1. Platform Fee
Unless changed by the platform owner in writing and in code, the platform fee is 5% of incoming creator reward value handled by the service. The remaining value is routed according to the creator's saved settings, such as holder rewards, buy-and-burn, treasury, and donations. Router Protocol's own ROUTER mint may use an internal zero-fee route so its published holder/treasury split is not reduced by the third-party platform fee.
2. Creator-Fee Signer Models
- New project through the platform: the creator-fee automation path may use a service-controlled signer so rewards can be claimed and routed automatically.
- Existing project import: automatic operation may require importing an existing creator-fee private key into an encrypted vault flow.
- Manual signing model: if supported later, a creator may sign claims manually, but this does not provide fully automatic payouts.
3. Imported Private Keys
Importing a creator-fee private key is sensitive and should be treated as custodial or semi-custodial. The platform should display strong warnings, encrypt the key at rest, restrict access, and avoid exposing private keys in ordinary dashboards. Users should never share private keys in screenshots, support chats, or public messages.

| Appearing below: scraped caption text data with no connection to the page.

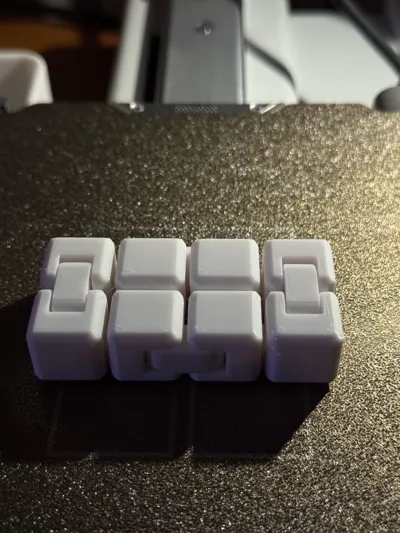 https://makerworld.bblmw.com/makerworld/model/36109/33936/ratings/ec145ad0-9b19-11f0-b212-0fbffdc444fb.jpg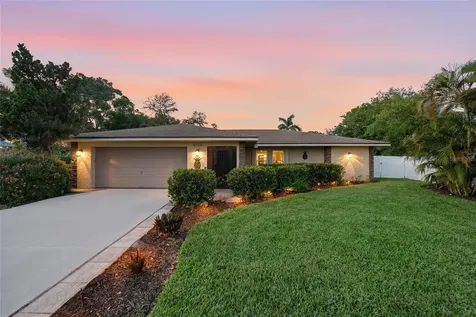 8304 12th Avenue Drive NW Bradenton FL 34209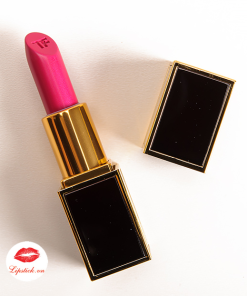 tom-ford-showgirl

4. Treasury, Burns, and Donations
Creators may configure treasury, burn, and donation percentages where supported. Some settings may be locked or treated as irreversible commitments for holder trust. If Pump.fun itself routes a percentage before the platform receives rewards, creators must disclose that so the platform does not route or charge fees against value it never receives.
5. Payout Dust, Fees, and Failed Transactions
Blockchain fees, minimum payout thresholds, route slippage, token account creation, failed transactions, and dust limits can affect payout timing and amounts. Safety defaults may reserve small amounts for fees and skip payouts that are too small or unsafe to process.